Chinese local police arrested 13 people at the small P2P (Peer-to-Peer) lender esudai.com in the city of Huizhou yesterday.
Founded in 2010, esudai.com recorded total transaction value of over RMB7 billion (US$1.07 billion) with 330,000 investors lending out their personal savings via the online portal.
The founders and managers at the company allegedly kept some of those funds for themselves. They are also claimed to have masqueraded as regular users and posted fake borrowing requests.
The news of the online lending scam is nothing extraordinary in a country where a total of 1,598 P2P lenders and fintech operators have failed or disappeared. The majority of those used similar tactics to cheat small lenders before the website owners disappeared with bulky suitcases.

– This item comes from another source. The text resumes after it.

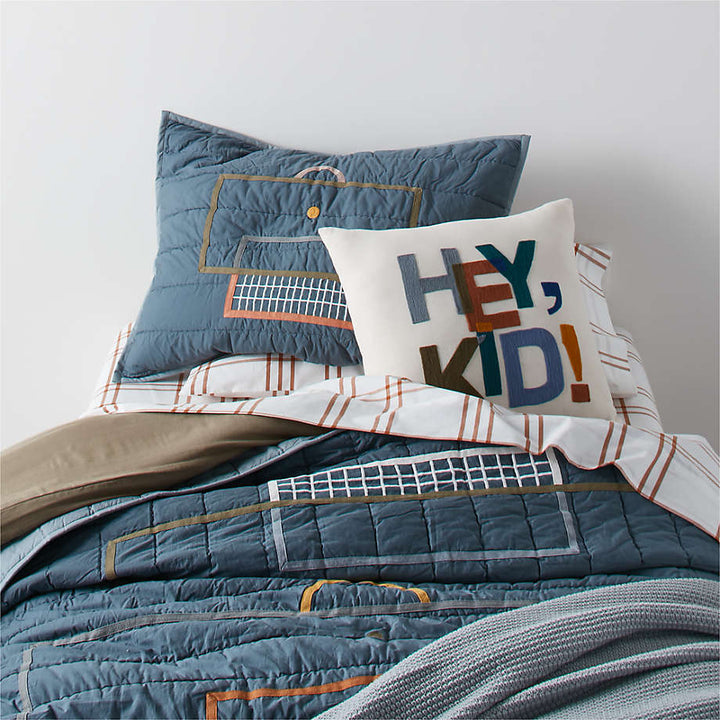 Modern Soccer Embroidered Hand Quilted Organic Cotton Kids Quilt-Twin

The difference for esudai.com is that the owners were caught before they could make their escape.
An Industry In Decline
Plagued by fraud and other uncertainties, the number of newly created P2P lending platforms in China has declined at a rate of over 50% in April, compared to a growth rate of nearly 80% back in May 2015.
But the rapid growth rate in the past has led to an overall expansion of the aggregate number of P2P lending platforms, which ballooned to around 4,000 last month from over 2,000 a year ago, according to Wangdai Zhijia, a Chinese P2P industry statistics tracker.
Aggregate financial transaction value declined for the first time in January, after last year’s fast growth, before rebounding in March. Average interest rates offered by these P2P platforms also declined to around 11% from nearly 15% just 11 months ago.
In contrast, the total number of troubled P2P lenders has steadily climbed over the past year, with a very volatile growth or decline rate.
A Closer Look At Esudai.Com
The website of esudai.com, which can still be accessed today, looked fishy with just a few clicks.
The management team members were listed, but most of them did not offer any details of their prior work experience, including company names and job titles.
The chief executive and chairman Jian Huixing, for example, was described as “having worked in the lending industry for five years,” without offering any specifics on his finance background.
The same goes for the president, chief risk officer, and chief financial officer of the company.
There is no mention of risk control anywhere. The company has no credible partners. In fact, it lists no partners at all. The product-related webpage is a mess.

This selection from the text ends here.